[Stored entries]

────────────────────

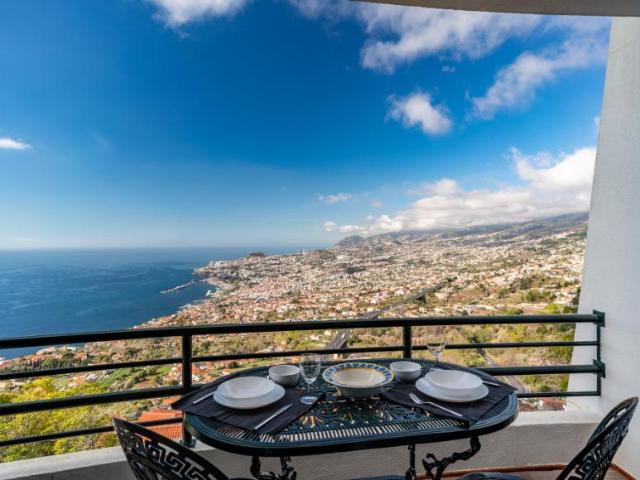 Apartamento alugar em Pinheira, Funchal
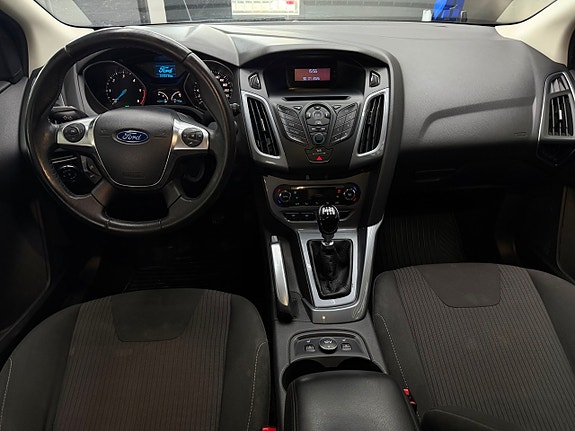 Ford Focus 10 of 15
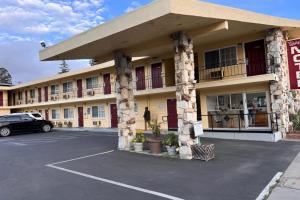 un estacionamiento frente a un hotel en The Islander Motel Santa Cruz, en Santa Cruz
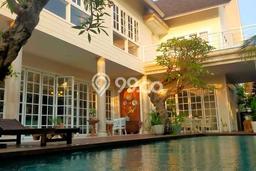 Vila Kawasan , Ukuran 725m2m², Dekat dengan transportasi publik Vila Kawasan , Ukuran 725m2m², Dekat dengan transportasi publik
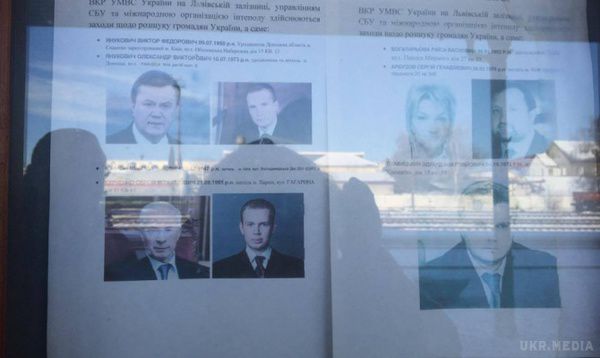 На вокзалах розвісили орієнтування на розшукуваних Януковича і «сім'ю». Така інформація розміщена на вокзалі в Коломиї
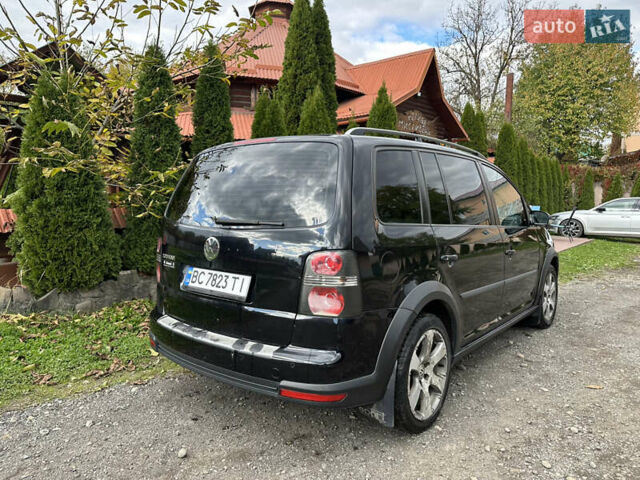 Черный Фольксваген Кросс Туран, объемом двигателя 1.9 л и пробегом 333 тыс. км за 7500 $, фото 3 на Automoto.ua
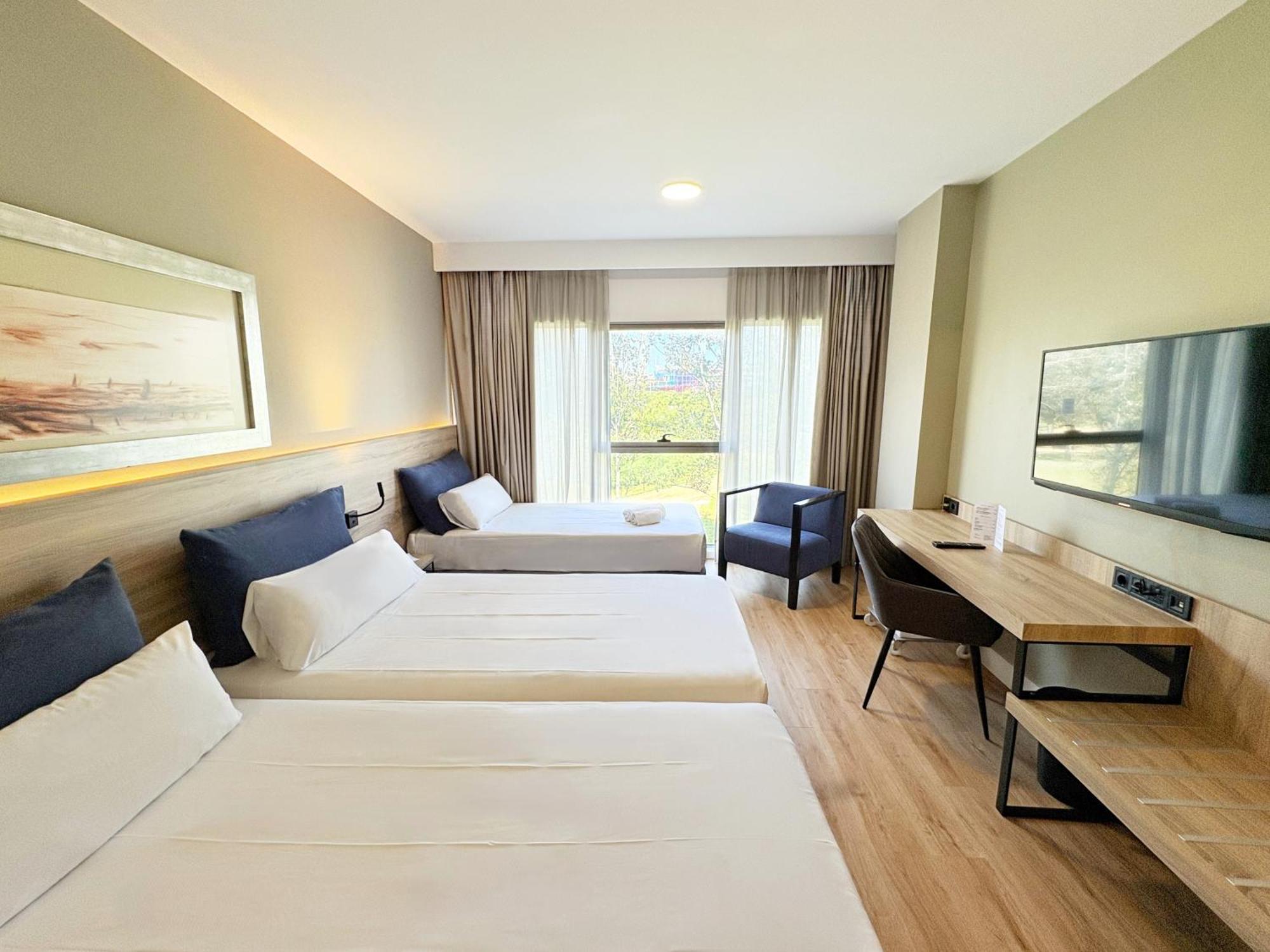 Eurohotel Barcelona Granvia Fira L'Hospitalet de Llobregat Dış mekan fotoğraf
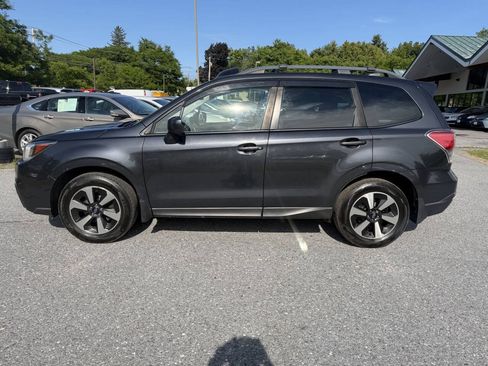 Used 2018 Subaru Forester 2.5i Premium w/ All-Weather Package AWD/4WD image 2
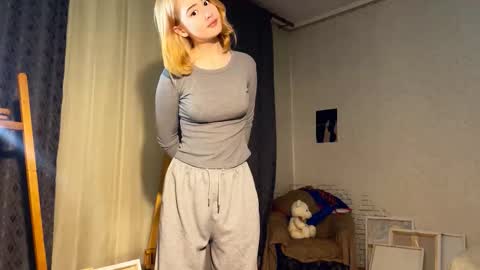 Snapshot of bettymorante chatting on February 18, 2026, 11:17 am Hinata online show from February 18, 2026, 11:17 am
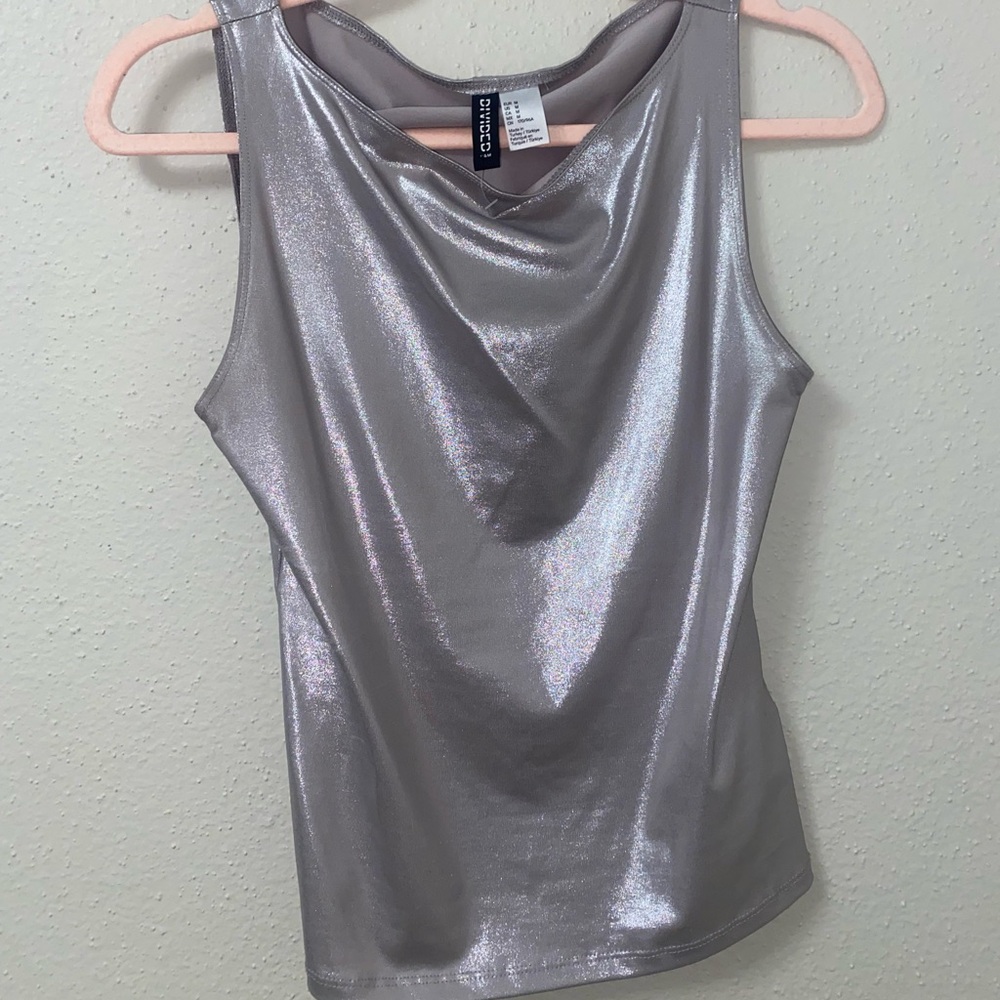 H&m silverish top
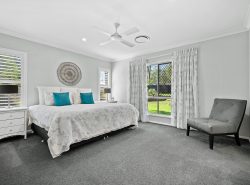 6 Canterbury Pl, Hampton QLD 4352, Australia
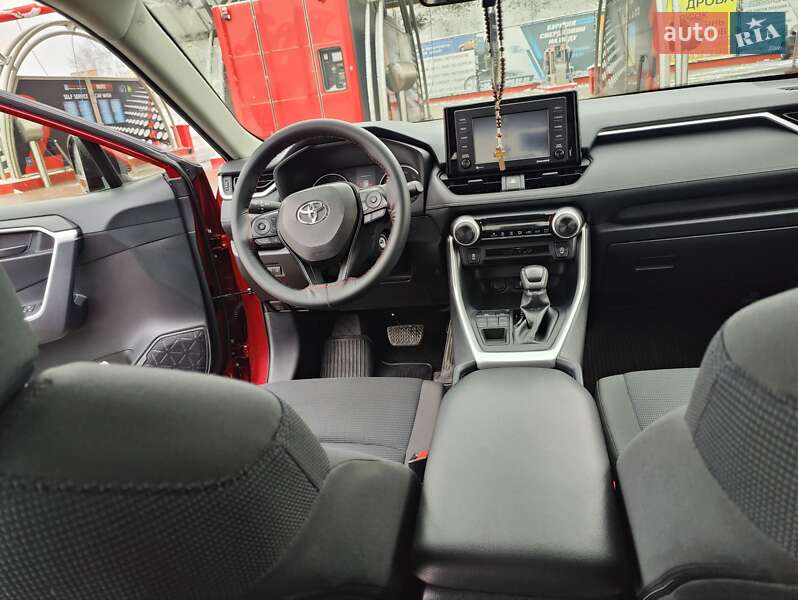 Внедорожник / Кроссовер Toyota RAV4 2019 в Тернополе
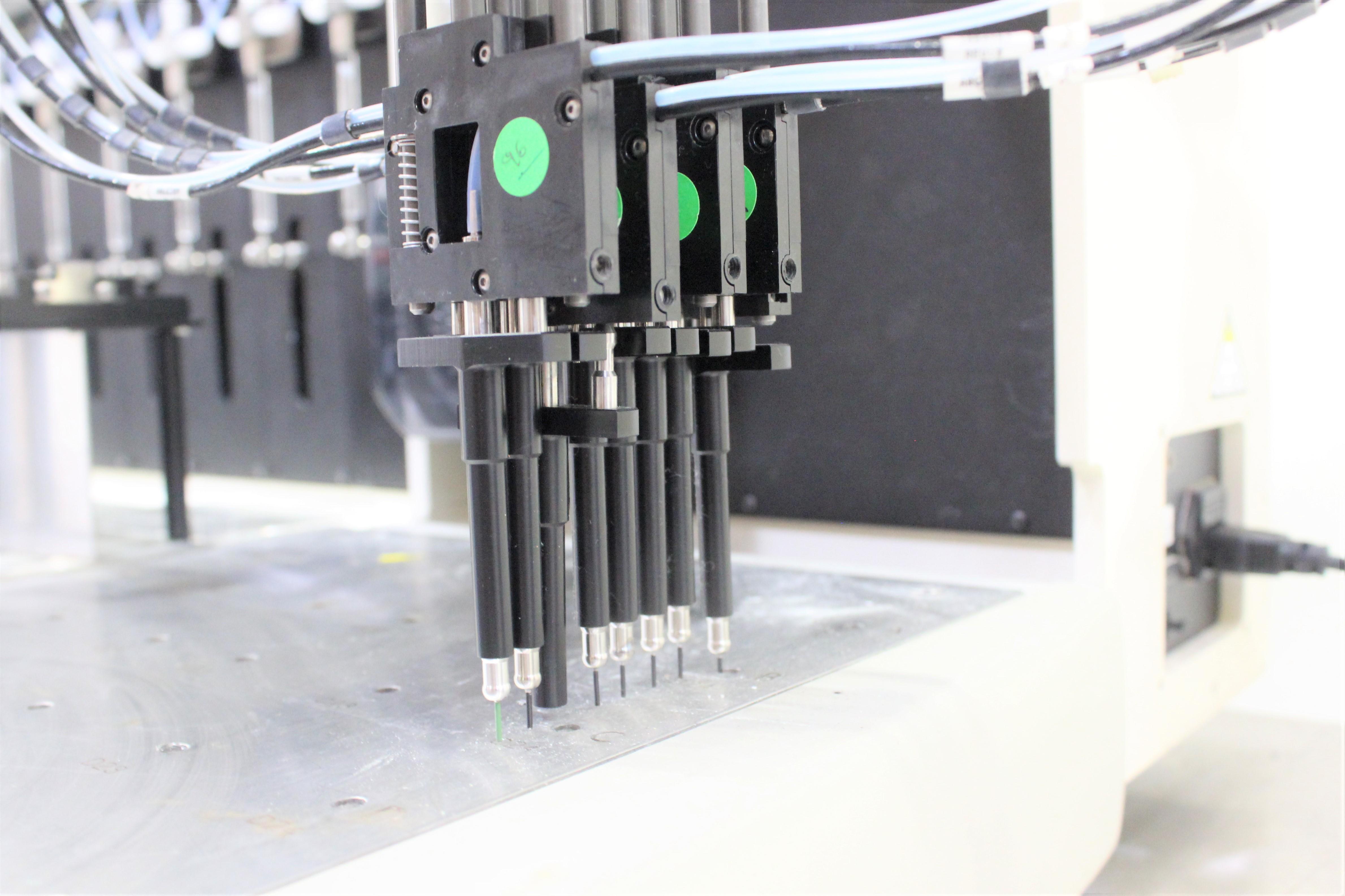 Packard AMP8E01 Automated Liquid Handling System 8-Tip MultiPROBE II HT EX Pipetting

────────────────────

> _THE TASK_
Leave the pictures aside and output each entry exactly as it stands.

> _REPLY TO THE EXERCISE_
 Apartamento alugar em Pinheira, Funchal
 Ford Focus 10 of 15
 un estacionamiento frente a un hotel en The Islander Motel Santa Cruz, en Santa Cruz
 Vila Kawasan , Ukuran 725m2m², Dekat dengan transportasi publik Vila Kawasan , Ukuran 725m2m², Dekat dengan transportasi publik
 На вокзалах розвісили орієнтування на розшукуваних Януковича і «сім'ю». Така інформація розміщена на вокзалі в Коломиї
 Черный Фольксваген Кросс Туран, объемом двигателя 1.9 л и пробегом 333 тыс. км за 7500 $, фото 3 на Automoto.ua
 Eurohotel Barcelona Granvia Fira L'Hospitalet de Llobregat Dış mekan fotoğraf
 Used 2018 Subaru Forester 2.5i Premium w/ All-Weather Package AWD/4WD image 2
 Snapshot of bettymorante chatting on February 18, 2026, 11:17 am Hinata online show from February 18, 2026, 11:17 am
 H&m silverish top
 6 Canterbury Pl, Hampton QLD 4352, Australia
 Внедорожник / Кроссовер Toyota RAV4 2019 в Тернополе
 Packard AMP8E01 Automated Liquid Handling System 8-Tip MultiPROBE II HT EX Pipetting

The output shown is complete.